Data extracts:
== == ==

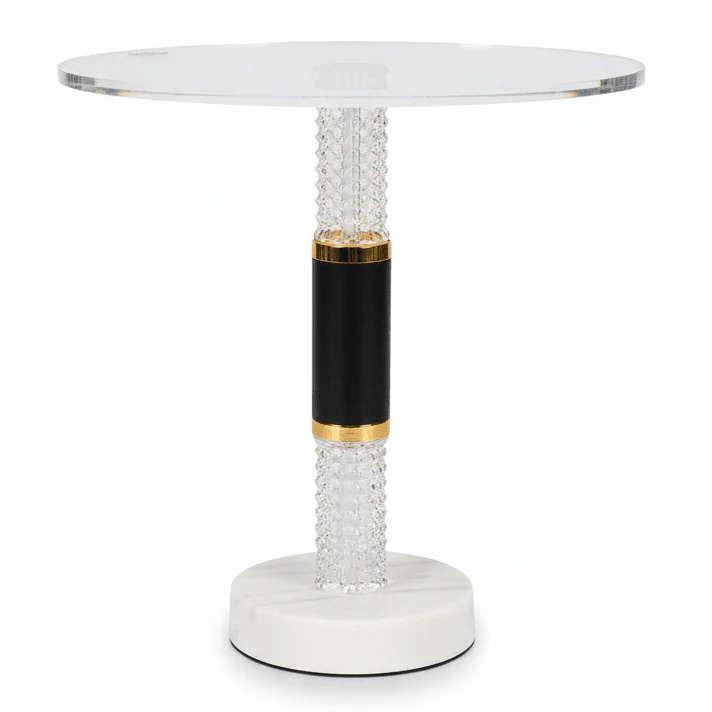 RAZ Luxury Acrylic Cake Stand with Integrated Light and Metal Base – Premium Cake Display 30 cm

== == ==

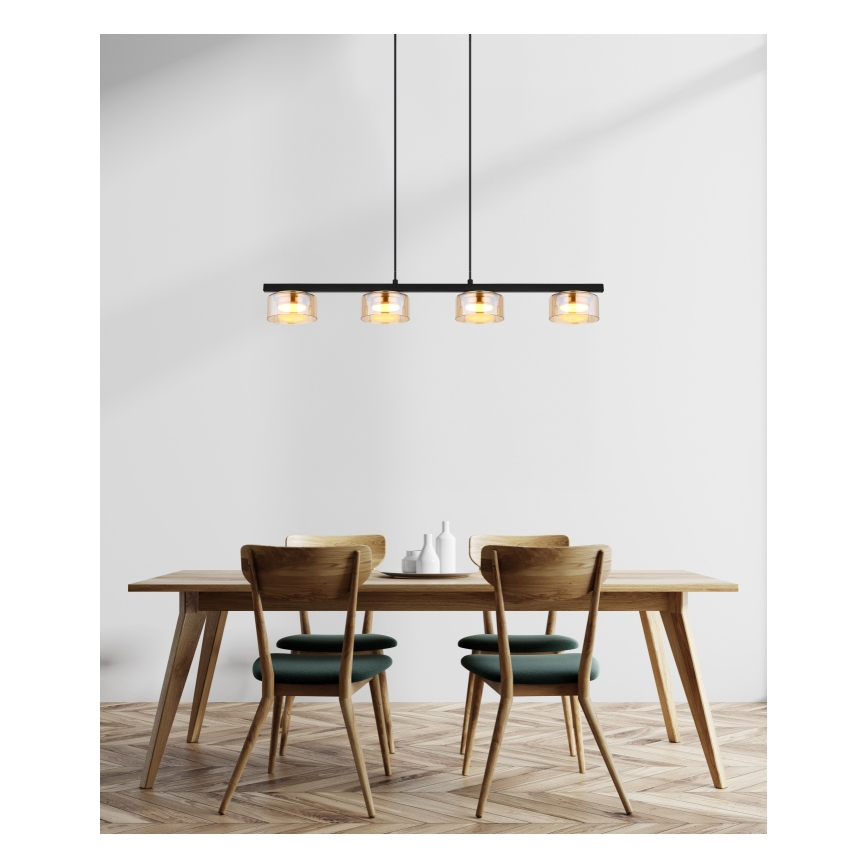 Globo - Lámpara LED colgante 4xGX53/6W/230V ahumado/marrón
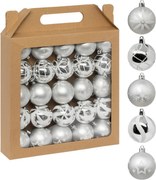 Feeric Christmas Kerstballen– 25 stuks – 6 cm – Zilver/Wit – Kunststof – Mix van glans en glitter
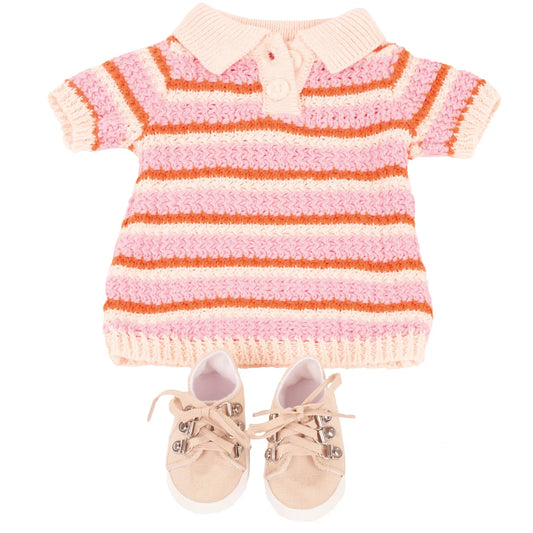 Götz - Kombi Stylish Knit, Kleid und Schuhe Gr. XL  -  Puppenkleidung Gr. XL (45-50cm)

== == ==

The task:
Only one stretch of the data is wanted: write out exactly the lines from the one holding "Globo - Lámpara" through the one holding "Götz - Kombi", both included, without the pictures.

Completed exercise:
 Globo - Lámpara LED colgante 4xGX53/6W/230V ahumado/marrón
 Feeric Christmas Kerstballen– 25 stuks – 6 cm – Zilver/Wit – Kunststof – Mix van glans en glitter
 Götz - Kombi Stylish Knit, Kleid und Schuhe Gr. XL  -  Puppenkleidung Gr. XL (45-50cm)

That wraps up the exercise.